What is needed: The lines to extract run from the first line of the material below to the line containing "Кецове и обувки", both included; leave the pictures behind.
■ ■ ■ ■
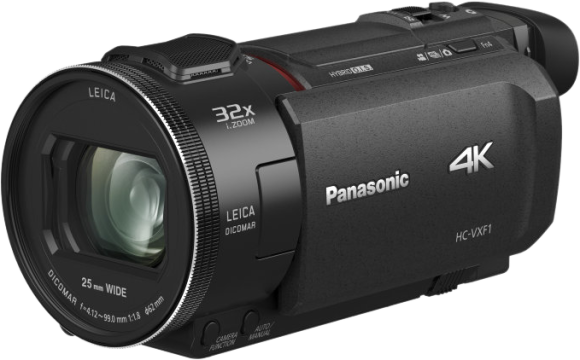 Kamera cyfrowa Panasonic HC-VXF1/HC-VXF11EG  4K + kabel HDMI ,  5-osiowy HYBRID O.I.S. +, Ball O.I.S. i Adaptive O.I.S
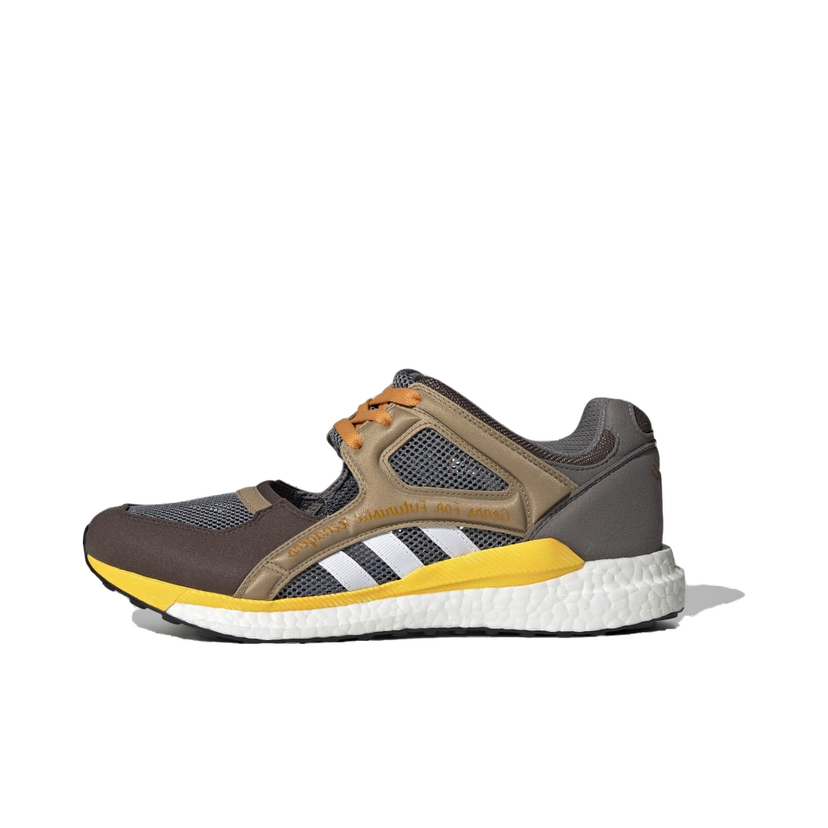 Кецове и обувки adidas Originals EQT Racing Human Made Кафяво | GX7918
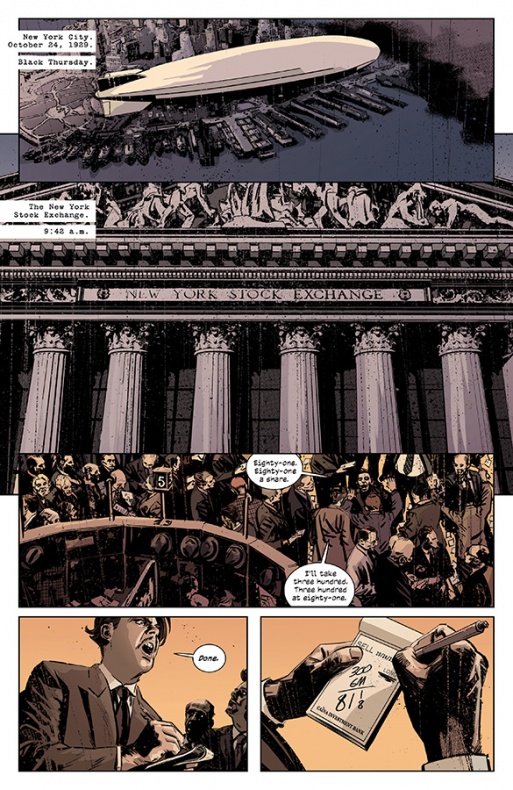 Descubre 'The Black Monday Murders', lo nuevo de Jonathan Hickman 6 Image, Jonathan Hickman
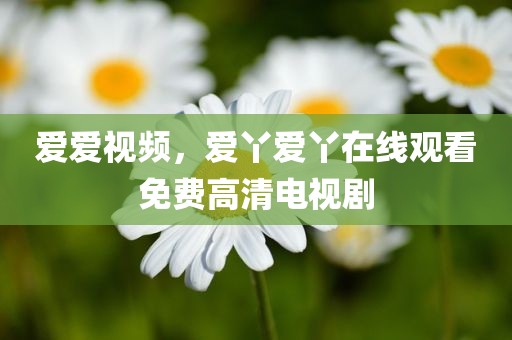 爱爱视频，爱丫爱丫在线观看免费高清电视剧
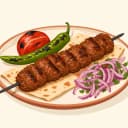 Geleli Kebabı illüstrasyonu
■ ■ ■ ■
Task response:
 Kamera cyfrowa Panasonic HC-VXF1/HC-VXF11EG  4K + kabel HDMI ,  5-osiowy HYBRID O.I.S. +, Ball O.I.S. i Adaptive O.I.S
 Кецове и обувки adidas Originals EQT Racing Human Made Кафяво | GX7918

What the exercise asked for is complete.